--- Provided entries Enclosed Below ---

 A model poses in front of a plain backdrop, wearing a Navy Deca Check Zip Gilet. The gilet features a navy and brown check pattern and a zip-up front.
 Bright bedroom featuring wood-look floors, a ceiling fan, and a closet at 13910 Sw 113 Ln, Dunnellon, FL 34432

--- End of Enclosed Provided entries ---
--- Provided entries Enclosed Below ---

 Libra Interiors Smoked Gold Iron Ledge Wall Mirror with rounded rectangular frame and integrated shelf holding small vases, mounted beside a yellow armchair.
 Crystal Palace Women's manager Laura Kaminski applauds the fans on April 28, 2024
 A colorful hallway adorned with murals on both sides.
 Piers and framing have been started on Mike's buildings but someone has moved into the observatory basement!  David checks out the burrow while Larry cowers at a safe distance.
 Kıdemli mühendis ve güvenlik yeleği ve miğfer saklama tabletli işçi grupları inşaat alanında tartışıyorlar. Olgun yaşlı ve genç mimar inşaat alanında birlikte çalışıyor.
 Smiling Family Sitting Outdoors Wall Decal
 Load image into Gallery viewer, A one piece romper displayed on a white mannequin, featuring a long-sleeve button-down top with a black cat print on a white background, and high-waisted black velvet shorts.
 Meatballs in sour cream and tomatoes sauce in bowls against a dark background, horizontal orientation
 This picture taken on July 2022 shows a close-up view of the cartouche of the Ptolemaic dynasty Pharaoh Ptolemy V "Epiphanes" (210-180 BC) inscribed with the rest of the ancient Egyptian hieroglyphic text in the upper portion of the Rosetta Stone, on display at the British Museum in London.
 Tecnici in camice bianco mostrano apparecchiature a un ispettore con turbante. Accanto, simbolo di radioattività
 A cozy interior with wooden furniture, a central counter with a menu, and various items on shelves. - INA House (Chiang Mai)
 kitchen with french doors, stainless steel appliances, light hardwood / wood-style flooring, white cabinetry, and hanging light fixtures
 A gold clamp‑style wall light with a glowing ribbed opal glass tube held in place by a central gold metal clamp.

--- End of Enclosed Provided entries ---
--- Provided entries Enclosed Below ---

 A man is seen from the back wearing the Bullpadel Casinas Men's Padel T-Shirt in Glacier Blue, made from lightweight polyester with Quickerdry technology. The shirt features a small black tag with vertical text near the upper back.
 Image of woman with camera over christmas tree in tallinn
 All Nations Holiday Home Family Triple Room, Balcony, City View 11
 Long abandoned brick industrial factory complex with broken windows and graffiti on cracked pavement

--- End of Enclosed Provided entries ---

- **Task goal**: What are the lines, exactly as written above, from the line with "A model poses" to the line with "Bright bedroom featuring", both included? Output only those.

- **Response for this exercise**:
 A model poses in front of a plain backdrop, wearing a Navy Deca Check Zip Gilet. The gilet features a navy and brown check pattern and a zip-up front.
 Bright bedroom featuring wood-look floors, a ceiling fan, and a closet at 13910 Sw 113 Ln, Dunnellon, FL 34432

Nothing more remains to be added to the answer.